To understand the scope and implication of the term ‘misconduct’, the context of the role and responsibility of an advocate should be kept in mind. Misconduct is a sufficiently wide expression, and need not necessarily imply the involvement of moral turpitude. ‘Misconduct’ per se has been defined in the Black’s Law Dictionary to be “any transgression of some established and definite rule of action, a forbidden act, unlawful or improper behavior, willful in character, a dereliction of duty.” In a different context, the Supreme Court has opined that the word “misconduct” has no precise meaning, and its scope and ambit has to be construed with reference to the subject matter and context wherein the term occurs. In the context of misconduct of an advocate, any conduct that in any way renders an advocate unfit for the exercise of his profession, or is likely to hamper or embarrass the administration of justice may be considered to amount to misconduct, for which disciplinary action may be initiated.

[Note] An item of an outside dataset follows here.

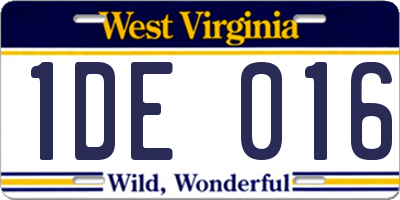 WV license plate 1DE016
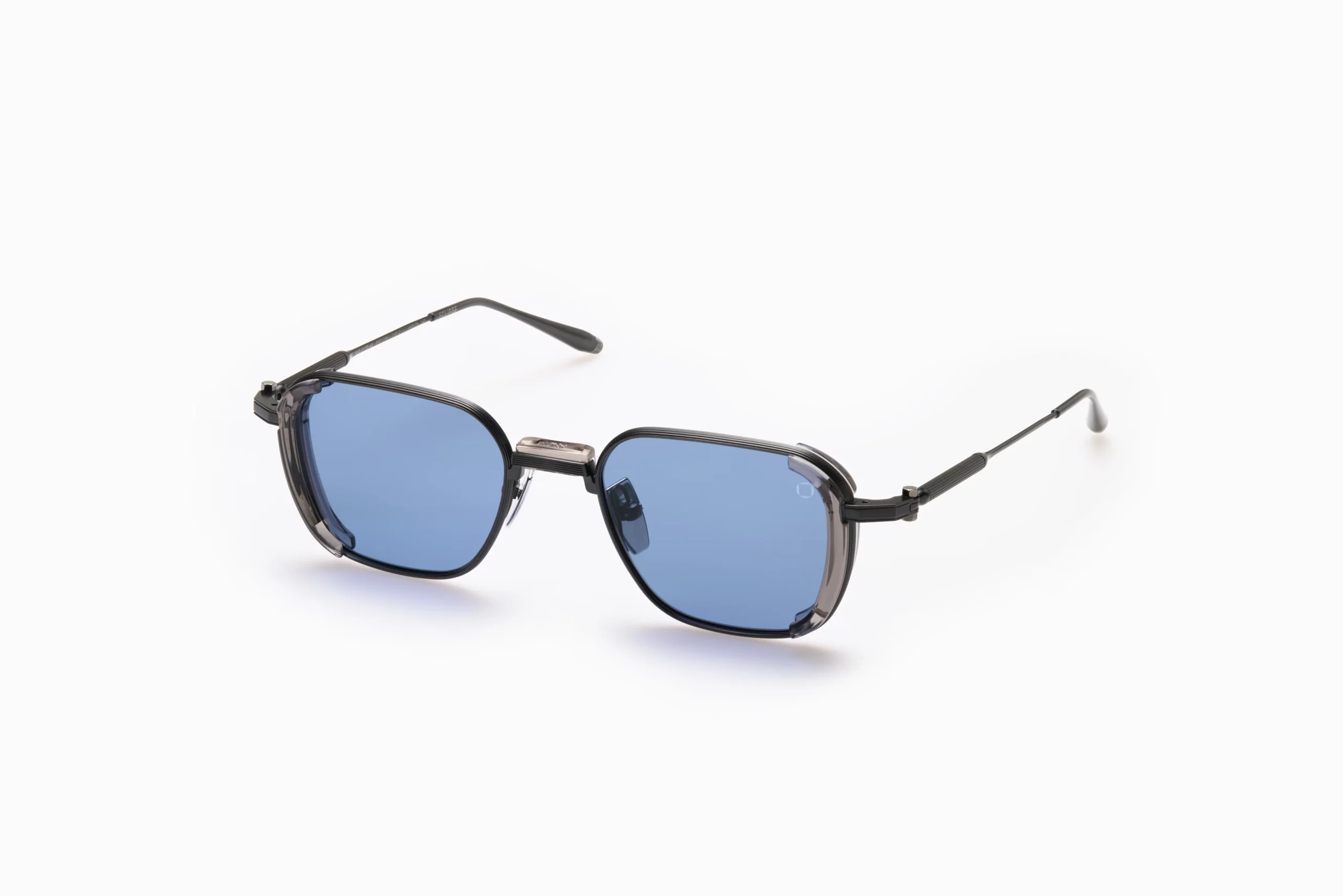 Sunglasses Model Eclipse in color Dark Grey with Dusty Blue lenses from Akoni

Darling J, defined the expression professional misconduct in, In re A Solicitor ex parte the law society as, It is shown that the advoate in the pursuit of his profession has done some thing with regard to it which would be reasonably regarded as disgraceful or dishonourable by his professional brethren of good repute and competeny, then it is open to say that he is guilty of professional misconduct.
Misconduct is sufficiently comprehensive to include misfeasance as well as malfeasance and is applied to the professional people, it include unprofessional acts even though they are not inherently wrongful. The professional misconduct may consist the fact in any conduct, which tends to bring reproach on the legal profession or to alienate the favourable opinion which the public should entertain concerning it. In state of Punjab v Ram Singh the supreme Court held that the term misconduct may involve moral turpitude, it must be improper or wrong behaviour, unlawful behaviour, willful in character, a forbidden act, a transgression of established and definite rule of action or code of conduct, but not mere error of judgement, carelessness or negligence in performance of duty.
The Supreme Court has, in some of its decisions, elucidated on the concept of ‘misconduct’, and its application. In Sambhu Ram Yadav v. Hanuman Das Khatry, a complaint was filed by the appellant against an advocate to the Bar Council of Rajasthan, that while appearing in a suit as a counsel, he wrote a letter stating that the concerned judge, before whom the suit is pending accepts bribes, and asked for Rs. 10,000 to bribe and influence the judge to obtain a favourable order. The Disciplinary Committee, holding that the advocate was guilty if “misconduct”, stated that such an act made the advocate “totally unfit to be a lawyer.” The Supreme Court, upholding the finding of the Rajasthan Bar Council held that the legal profession is not a trade or business. Members belonging to the profession have a particular duty to uphold the integrity of the profession and to discourage corruption in order to ensure that justice is secured in a legal manner. The act of the advocate was misconduct of the highest degree as it not only obstructed the administration of justice, but eroded the reputation of the profession in the opinion of the public.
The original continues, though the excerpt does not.